November will be remembered for its political surprises, some pleasant and some unsettling – depending on your political stance.  In the first week of the month Wall Street and Asian markets trembled in anticipation of a potential Trump victory. Once it became official, investors sold almost $5bn of bonds in Asia’s local-currency debt markets in the week following Trump’s victory. And the Bloomberg Barclays Global Aggregate Total Return Index lost 4% in November, the biggest retreat since the start of the index in 1990.

Locally, Zuma withdrew application to block the publication of a report on the extent of the influence of the Gupta family over government – the so-called ‘state capture report’. SA joblessness rose to 27.1% in Q3 2016 — the worst employment data released since 2003. Despite CPI October data of 6.4% being released the day before, considering the poor growth outlook for SA in 2017, the SA Reserve Bank announced on the 24th that the repo rate would remain at 7%. (The prime lending rate remains 10.5%.)

Also in November, deputy President Cyril Ramaphosa announced a proposed new minimum wage of R3 500 per month for South African workers. On the last Friday of the month Fitch changed its outlook attached to the BBB- ratings of SA foreign and local currency debt to negative, and warned that continued political instability could lead to the sovereign’s downgrade. On the same day Standard & Poor’s Global Ratings (S&P) cut Eskom’s credit rating a further notch into subinvestment grade. And lastly, South Africa’s trade balance swung to a deficit of R4.41 billion in October, from a revised R6.9 billion surplus in September, as exports fell 11.1% on a month-on-month basis.

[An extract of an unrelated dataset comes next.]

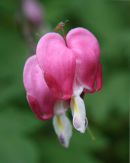 Summer Flowers 4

With the exception of certain resource sectors, SA market returns were mostly down during November. The FTSE/JSE All Share Index (ALSI) declined by another 0.55% on a total return basis. For foreign investors, the weakening of the rand against the major currencies during the month resulted in an even more disappointing return.  British pound investors in the ALSI lost 6.61% and dollar investors lost 4.49% during November.  The All Bond Index (ALBI) declined 1.83% during the month and inflation-linked bonds returned a negative 1.02%. Cash returned 0.61%. On the global front, the MSCI World Index ($) gained 1.4% and the MSCI Emerging Markets Index ($) lost 4.6% on a total return basis.

Year to date the ALSI return now stands at 1.64%, underperforming cash’s 6.72%. The ALBI is the clear winner for the year so far, delivering a YTD total return of 13.7%.  The MSCI World Index ($) YTD return stands at 5.0% and the MSCI Emerging Markets Index ($) at 11.2%. The SA listed property index gained 5.72% YTD.